How do I add intensive processes to my Rails Application?

I’ve started to use wicked_pdf and it works fine. However, when I generate a PDF files, usually the CPU will get to ~80+% during the generation of the PDF by the wicked_pdf gem. What’s the proper way of handling this in my application? I’ve asked around on IRC chat, stack overflow, etc, but I haven’t been able to acquire a good answer. People have told me to use Sidekiq, which I have, but this won’t resolve my CPU issue unless I’ve put the job processes onto another machine it would seem. Is there another way of handling this using my one server?

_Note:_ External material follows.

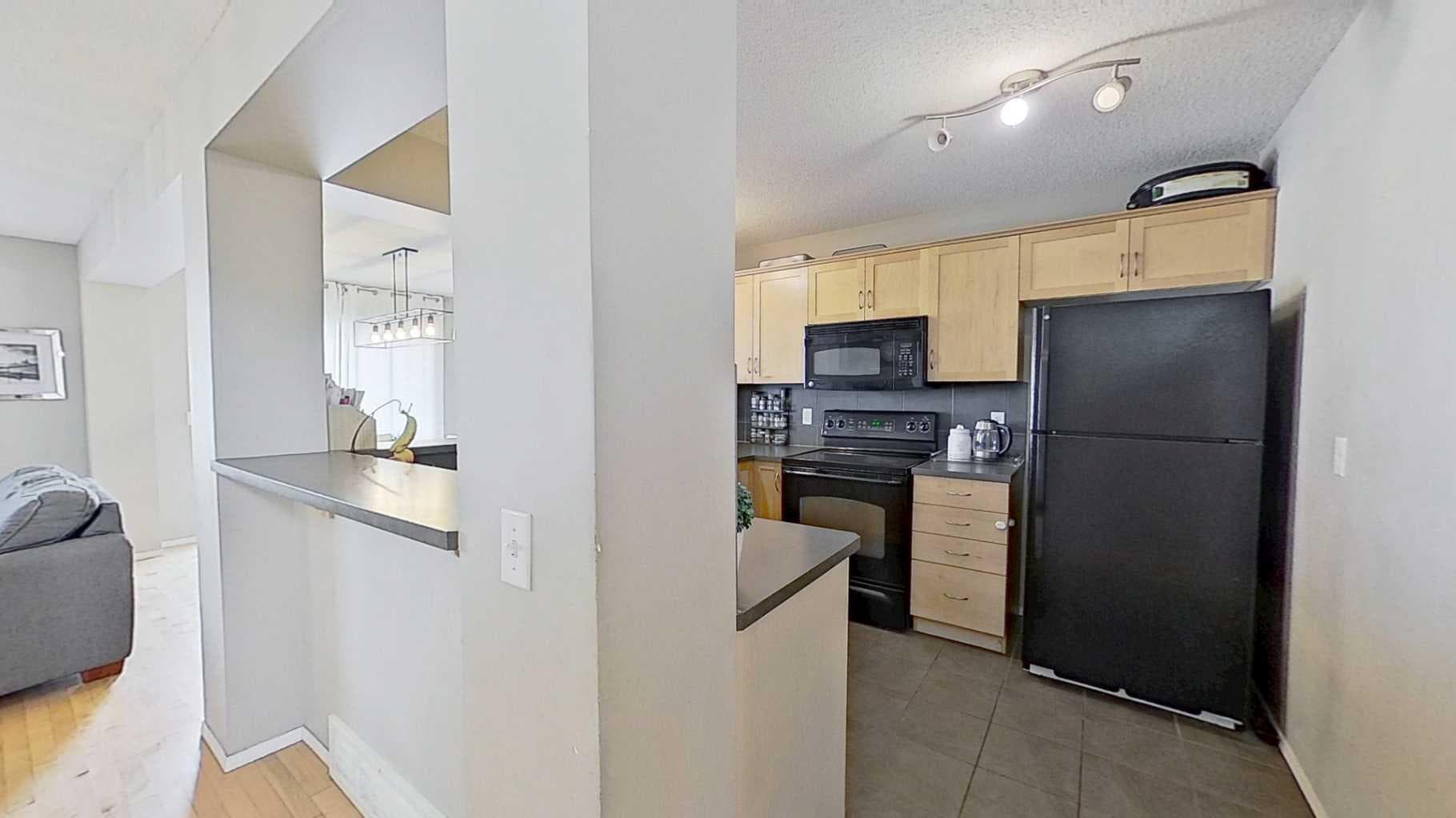17 Sunset Heights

If it’s helpful here is the stack overflow question that I posted about 12 days ago - it has perhaps a little more detail:

https://stackoverflow.com/questions/44465332/high-cpu-usage-when-generating-pdfs-in-rails-with-wicked-pdf-gem

Please let me know if I can provide more details on any aspect of this issue. Thanks!

Ouch! The big question is: are you actually doing anything else with
that server? If Rails has the machine all to itself, and you don't
have enough traffic that someone else is probably waiting for a reply,
you may be OK as-is.

Otherwise, a number of other approaches come to mind. As you
mentioned, you could put it on another machine. You could also see if
you could "nice down" that process, i.e., use the "nice" utility (or
some such programming) to set the priority of the PDF-making process
so that others can have a better share.

-Dave

Thanks Dave, I’ll look into the “Nice” utility you mentioned – I’m currently unfamiliar with it. Also traffic on the application isn’t heavy as its only used on an internal network for roughly 60 users at the moment. However, I would prefer to find the “correct” way of doing it. I’m thinking I may resort to using another machine, but at the moment I don’t have those resources. Rails is the only thing on the server right now… so that helps as well. With some of the PDFs that time several minutes to run, we have seen a slow-down for other users accessing pages. Since the PDF generation isn’t urgent I don’t mind having it last longer as long as it doesn’t slow down the rest of the application for the other active users. Thanks again for the “Nice” recommendation I’ll be looking into it shortly.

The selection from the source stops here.